While there are many benefits for employees in working from home, they also find themselves having to deal with new challenges. If constantly confronted with numbers showing up negatives, this will result in a negative culture overall. If, on the other hand, they are encouraged to be transparent and communicate, with the focus on deliverables rather than on hours, it will make for cooperation and buy-in.

Positive strategies for boosting productivity

Companies reporting increased productivity among remote workers share certain approaches.
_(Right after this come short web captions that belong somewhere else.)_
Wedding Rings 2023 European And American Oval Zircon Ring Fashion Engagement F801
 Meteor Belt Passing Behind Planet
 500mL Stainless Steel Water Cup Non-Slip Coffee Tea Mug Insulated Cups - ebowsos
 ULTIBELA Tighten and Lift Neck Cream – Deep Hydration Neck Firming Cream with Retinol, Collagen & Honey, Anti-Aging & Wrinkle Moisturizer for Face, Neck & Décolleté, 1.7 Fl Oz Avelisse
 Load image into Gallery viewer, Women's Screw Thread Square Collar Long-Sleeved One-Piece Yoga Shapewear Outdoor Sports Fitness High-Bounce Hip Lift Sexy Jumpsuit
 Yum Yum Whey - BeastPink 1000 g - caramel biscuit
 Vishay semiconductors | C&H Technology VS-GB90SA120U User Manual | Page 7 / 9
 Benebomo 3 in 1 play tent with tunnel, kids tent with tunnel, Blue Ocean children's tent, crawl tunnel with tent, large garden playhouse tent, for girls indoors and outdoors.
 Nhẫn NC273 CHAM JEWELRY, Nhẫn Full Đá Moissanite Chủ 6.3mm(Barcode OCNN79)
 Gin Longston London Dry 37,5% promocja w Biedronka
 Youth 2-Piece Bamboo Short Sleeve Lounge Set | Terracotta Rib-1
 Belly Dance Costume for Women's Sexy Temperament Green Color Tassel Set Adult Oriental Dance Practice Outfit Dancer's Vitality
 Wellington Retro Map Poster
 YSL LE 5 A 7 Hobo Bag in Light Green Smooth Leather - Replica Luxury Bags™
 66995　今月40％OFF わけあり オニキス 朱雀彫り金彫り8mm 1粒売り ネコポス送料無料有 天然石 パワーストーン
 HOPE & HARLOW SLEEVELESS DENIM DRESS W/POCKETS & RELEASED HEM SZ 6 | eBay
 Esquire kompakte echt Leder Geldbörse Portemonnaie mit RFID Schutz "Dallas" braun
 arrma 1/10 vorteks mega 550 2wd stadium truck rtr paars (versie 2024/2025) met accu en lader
  • A positive organisational atmosphere, underscored by company culture, is bound to reflect in a positive, can-do atmosphere in employees’ home offices.
  • With employees being immersed around the clock in their family settings, the traditional family values of love and caring tend to be transferred to the work setting as well – they want to be seen as ‘whole people’ whose wellbeing is genuinely important to the organisation. In the face of physical disconnection, increased emotional connection translates into greater loyalty and, hence, greater productivity.
  • A feeling of camaraderie tends to make people want to give their best. This can be enhanced by emphasising shared values and creating a powerful mission.
  • Strong leadership, especially during times of hardship, is a great driver of productivity. Employees demand a top structure who can show the way, make decisions and support them. Trust in leadership yields more positive results than any form of coercion. This is especially true when employees work away from the office environment and have to rely on online communication.
  • On a more practical level, it is important to provide employees with the right tools, such as online document sharing rather than relying on email communication. This will ensure better version and ownership control. Consolidate workflows and procedures to streamline tasks and reduce software and IT maintenance. Collaborative tools such as Google Drive, Zoom or MS Teams will pull together a team and help with the organisation of content.
  • A social intranet allows team members to discuss work and collaborate in real time, enhancing their contributions and cutting down on time wastage. Just make sure it is well organised and everything is easy to find.
  • Shared calendars make for more productive use of time.


Remote working, if managed correctly, can boost productivity and, so, profitability. It will not happen by itself, though, based on traditional office-bound practices – its success will depend on how well the organisation applies productivity-boosting strategies.